Hare Creek and Bunker Gulch Stream Restoration
August 28, 2019
Update: September 11, 2020
This project is now complete! Huge thanks to all of the organizations and individuals who helped bring it to completion. Many future generations of fish and other aquatic and amphibious life salute you.
August 28, 2019
We’re at it again this summer with our ongoing stream habitat restoration projects to benefit coho salmon, funded by two grants from California Department of Fish and Wildlife’s Fisheries Restoration Grant Program.
The coho salmon is an endangered species. Where a single stream was once home to tens of thousands of individuals, now only one or two hundred rugged coho currently return to spawn each year. Mendocino Land Trust is working alongside many other organizations to reverse historic human practices in an effort to restore coho salmon to sustainable numbers.

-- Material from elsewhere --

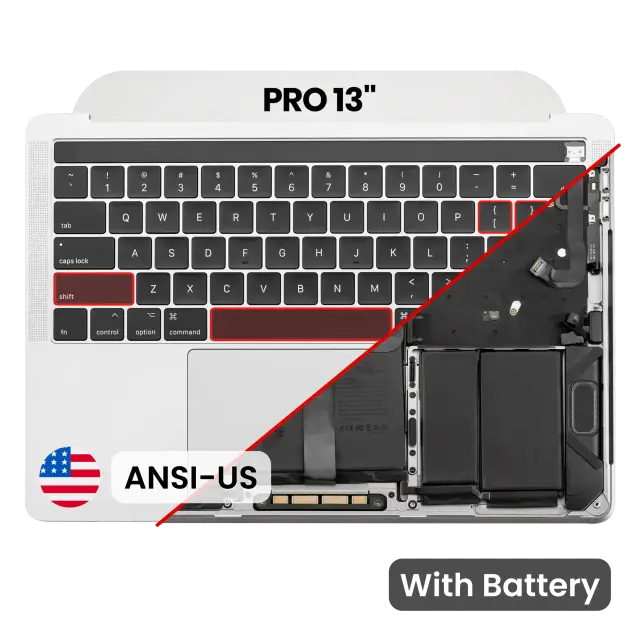 Châssis supérieur avec batterie et clavier ANSI US pour Apple MacBook Pro 13" A1989 (2018-2019) (OEM New, argent)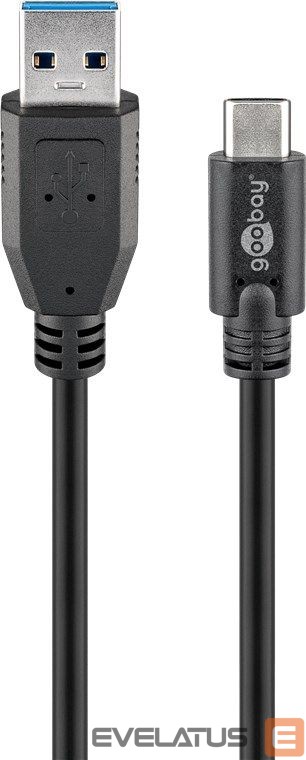 Kabelis Goobay Sync & Charge Super Speed USB-C to USB A 3.0 charging cable 67999 Round cable, USB-C male, USB 3.0 male (type A), Black, 0.5 m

By removing logging roads and restoring these areas to natural conditions, we reduce the amount of sediment entering the creek. This improves the chance that fertilized salmon eggs will produce live fish, since fine sediment from roads and other sources smothers the gravel needed for spawning and young coho survival. This road removal process is called road decommissioning.
The road shown in the top photo is in Jackson Demonstration State Forest and was right next to the banks of Bunker Gulch. This road is now gone and the stream bank is reconnected to the hillside.
In conjunction with the road decommissioning, we are partnering with the California Conservation Corps to restore salmon habitat at Hare Creek and Bunker Gulch by installing large logs with massive roots in the stream. These large logs will create deeper pools and slower flows for adult fish to rest on their epic journey, while at the same time providing cover for young fish to avoid predators.
A team of highly skilled large equipment operators and several California Conservation Corps crews have been on site for many weeks and are nearing completion. It is exciting to see these large tractors at work in the otherwise peaceful forest. At first, it’s a bit odd, as this is an environmental restoration project after all, and all that tractor work seems out of place. But if you watch for a while, you can see how the crews gradually shape a glen that begins to look like it once was before the logging road was there. The flat road bed is rounded off with graders, and sloped back to the way it was before, a stream bank, as shown above.
The crews cover newly graded stream banks with lots of branches and other plant material so that the soil will remain in place when the rain returns. The tractors also dig out all the culverts that were placed under the road for the side streams that flow into Hare Creek, and re-create the original gullies, through which the waters will naturally flow, once again.
Finally, as we’ve done for many years at different locations, we’re installing large pieces of trees in the streambeds at Hare Creek and Bunker Gulch. Here again the large tractors cable-pull huge fallen trees off the hillsides, pick them up like toothpicks and swing them around (see top photo) before gently placing them into the stream banks to create deep pools in the water.